I realize that my experience of one pregnancy does not make me an expert but I feel like I did a fair amount of reading and research beforehand and still had a few big surprises. At the very least, knowing some of this at the start would have made my life much better, much faster so I thought I'd share what I wish I had known a year ago today. I give you...
TEN THINGS I WISH I KNEW BEFORE I GOT PREGNANT
1. Give yourself a worrying deadline
So many people told me not to worry and not to google everything that can go wrong. Um, ok. I don't know about you but telling me not to worry only helps me imagine the worst possible scenario! Being a generally anxious person by nature, being older than the average mother, and having had a prior miscarriage all ramped up my stress level to 11. It took me nearly half the pregnancy to figure it out but the only thing that helped was making a deal with myself- a worrying deadline. I gave myself permission to freak out as much as I wanted until 20 weeks and then I promised myself I was going to let it go. Believe it or not, this worked like a charm for me and I had a blissful half pregnancy after that.
2. You just might feel great.
Having had lots of friends go before me, I just expected the physical experience of pregnancy to be extremely uncomfortable at best. Particularly as time went on, all mothers to be seem to be dying to get the baby out of them. Well let me tell you that it doesn't have to be that way! I felt great almost the entire time. Yes I got bigger and more tired but it wasn't anything I should have worried about before. Obviously I had no control over this and just got really lucky but I didn't even realize this was an option before I got pregnant.

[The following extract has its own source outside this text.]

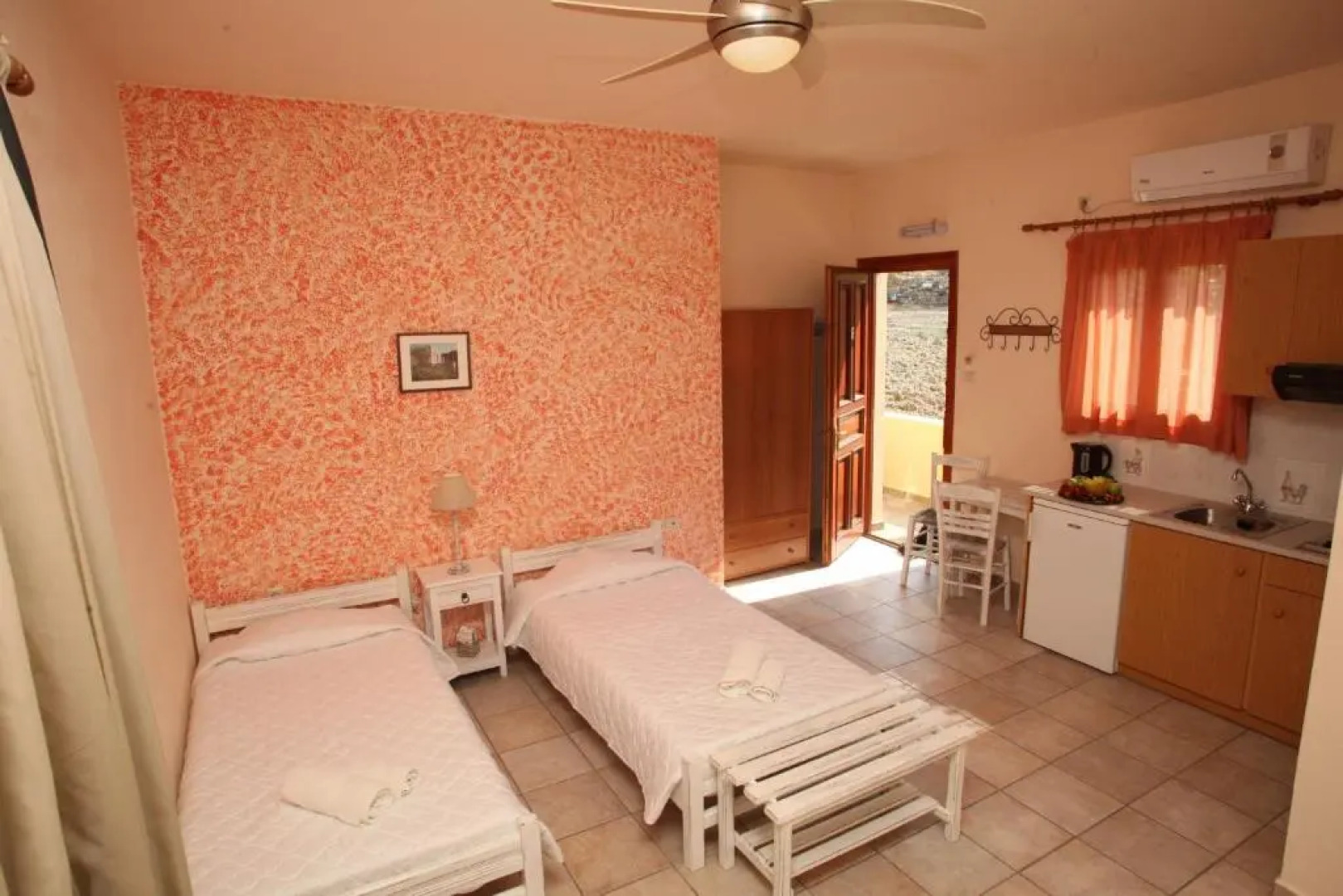 Ventoura Studios & Apartments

3. Telling people is WEIRD
Before I got pregnant I never imagined I'd have any trouble shouting the news to everyone but once it was actually happening, telling others what was happening inside my body felt odd somehow. Especially to co-workers and people I didn't know that well. There just isn't a natural way to casually slip "I'M MAKING A HUMAN RIGHT NOW" into the conversation.
4. Be a Social Butterfly
Make lots of plans! If you are fortunate to not feel like hot garbage, I strongly encourage you to go out and socialize as much as possible. Aside from this being the last period of time where your time is your own, everyone who loves you is really dying to see you! I went to bars and restaurants, had people over and showed up on various doorsteps. I've never been so popular! This would also be a great time to take an extra vacation or two or three. (If you are worried about something happening to you in a foreign land see point #1). Get manicures, have long uninterrupted conversations with your girls. You get the picture.
5. Take the compliment
People will look at your ballooning belly, the bags under your eyes and your old lady shoes and tell you how amazing you look. They are lying! Who cares? This is a form of affection for pregnant ladies so soak it all up. Instead of telling them why they are wrong, say thank you and walk away with your head held high. (Same applies to taking a seat when offered. Do it!)

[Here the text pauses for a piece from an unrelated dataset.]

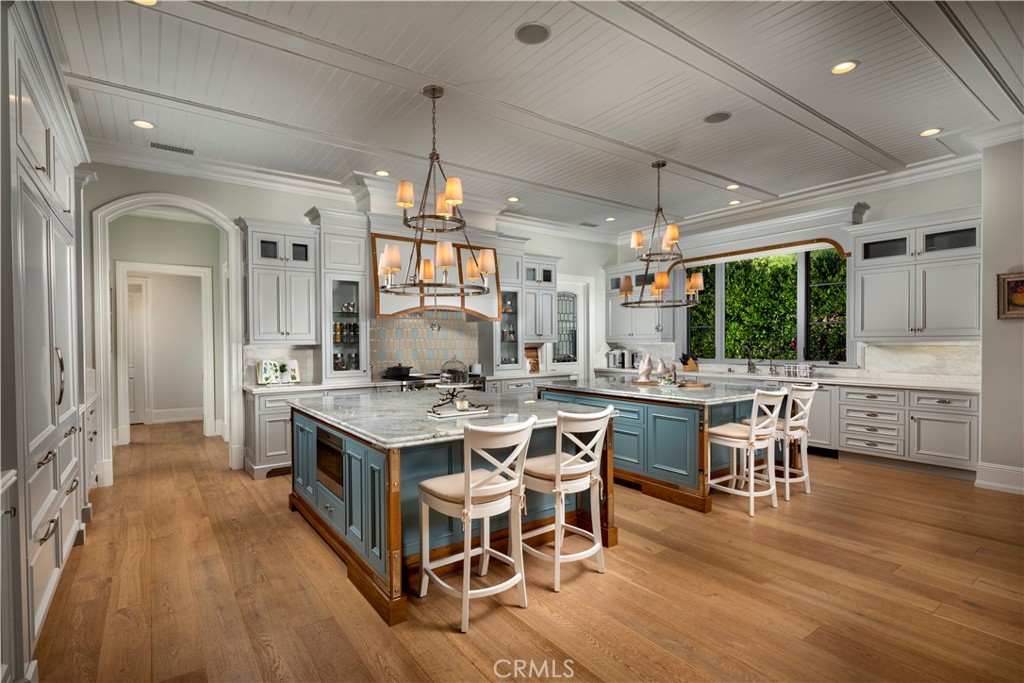 935 W Foothill Boulevard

6. Avoid Maternity Clothes
There are some exceptions to this rule but generally maternity clothes are awful. Awfully made, in terrible fabrics and hideous styles. Try to avoid them for as long as possible by buying larger sizes and non maternity clothes made out of stretchy materials.
7. Finish up
Complete whatever little or big projects that might be less convenient to do once baby arrives. For me that was the nursery. Everyone told me not to rush and that she won't be using it right away anyway - WRONG! So glad I completed it then because there is no way I would have had the motivation to do it now.
8. It's okay NOT TO SLEEP
Everyone will tell you to "enjoy your sleep while you can" as if you can store up sleep in a jar to use later. Doesn't work that way. Like many preggos, I had insomnia which I thought was some kind of weird preparation for parenting sleep deprivation but trust me it is nothing like i.wish.a.truck.would.hit.me.so.i.could.finally.get.some.rest tiredness you will feel later on. So sit on the couch and indulge in some middle of the night trash TV without guilt.
9. Listen to the stories
The moment someone finds out you are a pregnant, about 50% of the population feel compelled to tell you all about THEIR pregnancy and labor. It can sometimes you will feel like you can't hear about one more episiotomy or contraction but I urge you to listen to everyone's story. I learned lots of important tidbits this way - you might be surprised what you take away from these chats. And guess what? There is a good chance you will be on the other side of the conversation soon because there is something satisfying about telling other people all about it. Don't ask - I can't explain why.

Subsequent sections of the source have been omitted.